A second-mile person is an “and then some person,” Brewer said. “That’s the person who has done all that’s required and then goes beyond what’s expected.”

The successful student is an “and then some” person who wants to know more than what is needed to pass a test or get a grade, but who “has a hunger to learn. Merely graduating is not the end and the aim of your college education,” Brewer said, “but that you live in lockstep with God’s kingdom and have eternity in view.”

Every student, professor, parent, coach, politician, pastor, community leader, entrepreneur should be an “and then some” person, and not one who does the minimum to get by.

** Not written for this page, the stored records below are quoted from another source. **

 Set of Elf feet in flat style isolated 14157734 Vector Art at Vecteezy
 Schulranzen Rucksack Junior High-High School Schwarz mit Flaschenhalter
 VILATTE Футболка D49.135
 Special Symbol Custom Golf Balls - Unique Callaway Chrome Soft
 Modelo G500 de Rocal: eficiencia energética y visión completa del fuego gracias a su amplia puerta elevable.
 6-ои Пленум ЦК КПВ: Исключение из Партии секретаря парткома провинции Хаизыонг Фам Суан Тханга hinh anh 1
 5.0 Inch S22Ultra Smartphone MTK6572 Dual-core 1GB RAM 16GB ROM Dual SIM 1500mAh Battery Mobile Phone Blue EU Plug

The best way to begin the second-mile journey as an “and then some” kind of person is to have “a personal relationship with Jesus Christ,” Brewer said. Just hearing about Jesus or knowing his name is not enough. We must have the “resurrection power of Jesus Christ through the Holy Spirit in our lives. This is not a luxury; it is a necessity.”

Brewer challenged all to “live in that stratosphere, live out there where it is exceedingly abundantly above all you could ever imagine or think. And if there has ever been a time when our country and the world has needed young people to do serious-minded Christian thinking, it’s now.”

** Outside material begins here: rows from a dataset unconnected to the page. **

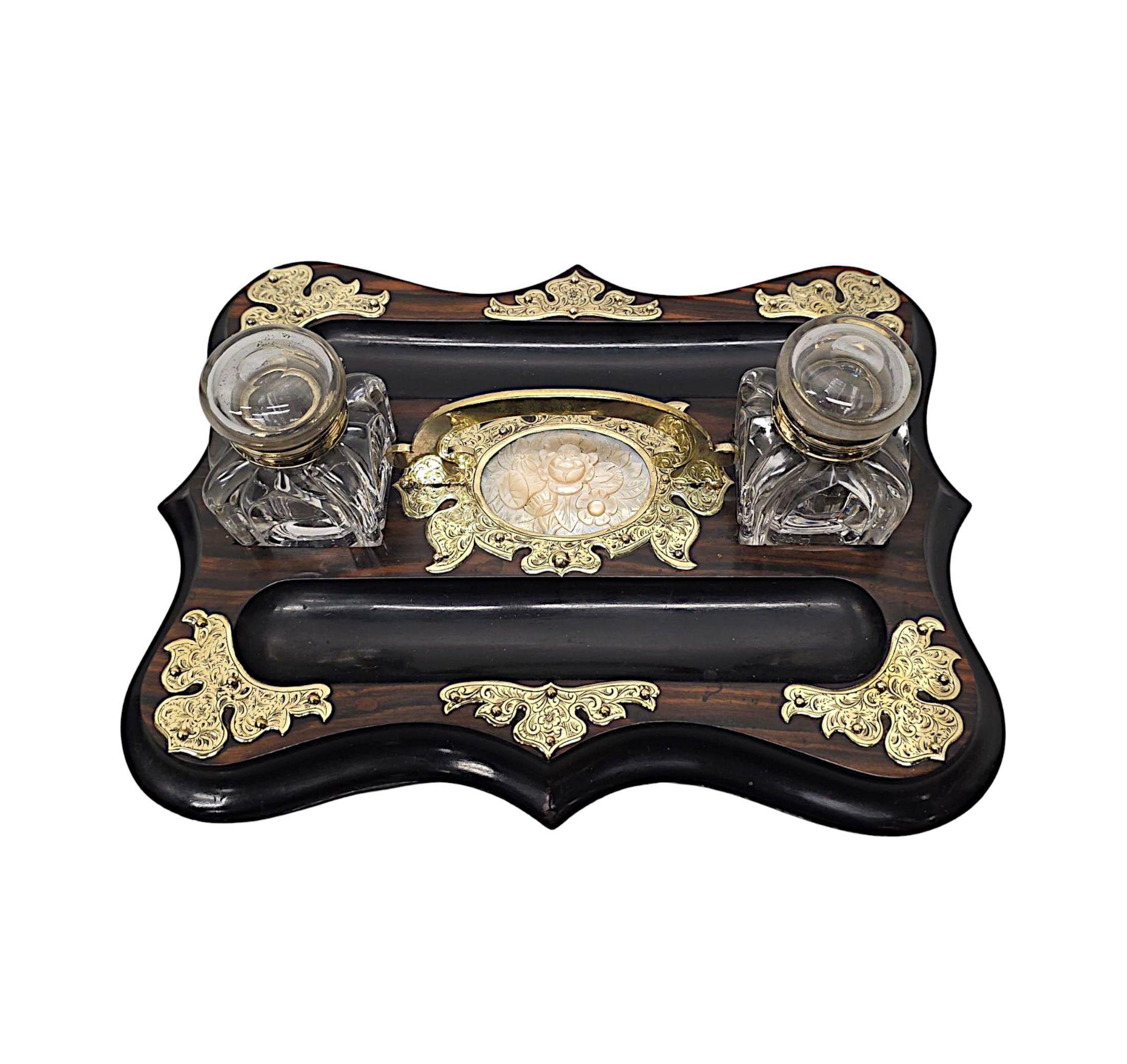 19th Century Rare Coromandel Desk Set For Sale 4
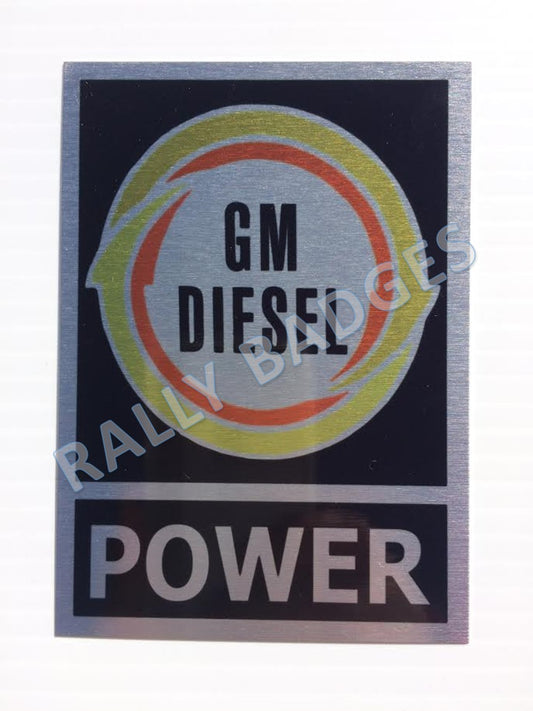 Chamberlain GM Diesel Power LATE Model (Nameplate)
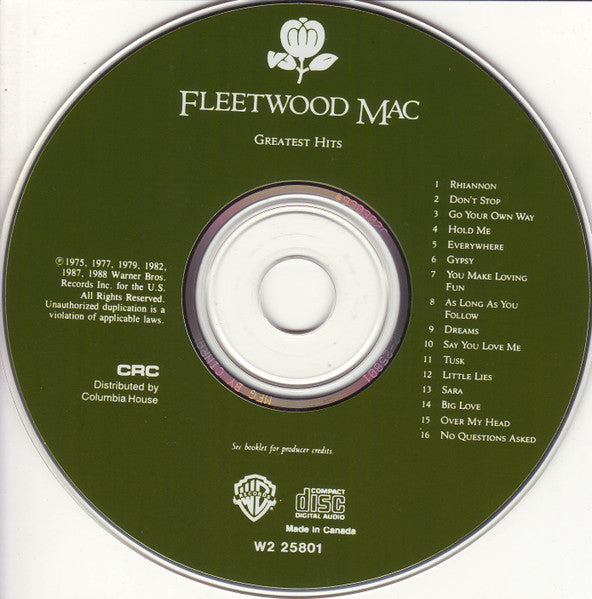 Fleetwood Mac - Greatest Hits (CD CANADA) | Excellent (EX)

Louisiana Christian University is attempting to do something that is almost unheard of in this state among higher education institutions, and that is to bring the presence of Jesus Christ into every classroom – to bring the thoughts of Christ into all our teaching, he said. “We begin from the presupposition that we stand upon moral, objective, transcendent truth that we unpack and reveal through all our curricula.”

The mission of every student at Louisiana Christian University is “to be the best student you can be. Love God with your heart, soul, mind and strength. To do anything less is to be disobedient to Christ.”

Brewer said that unconfessed sin, unbelief, careless living, worldliness, and poor attitude – all those “will rob you of the power that’s available only through the resurrection of Jesus and the power of the Holy Spirit working through us.”

Closing the chapel service, Brewer invited faculty, staff, and other leading visitors to pray in small groups with students.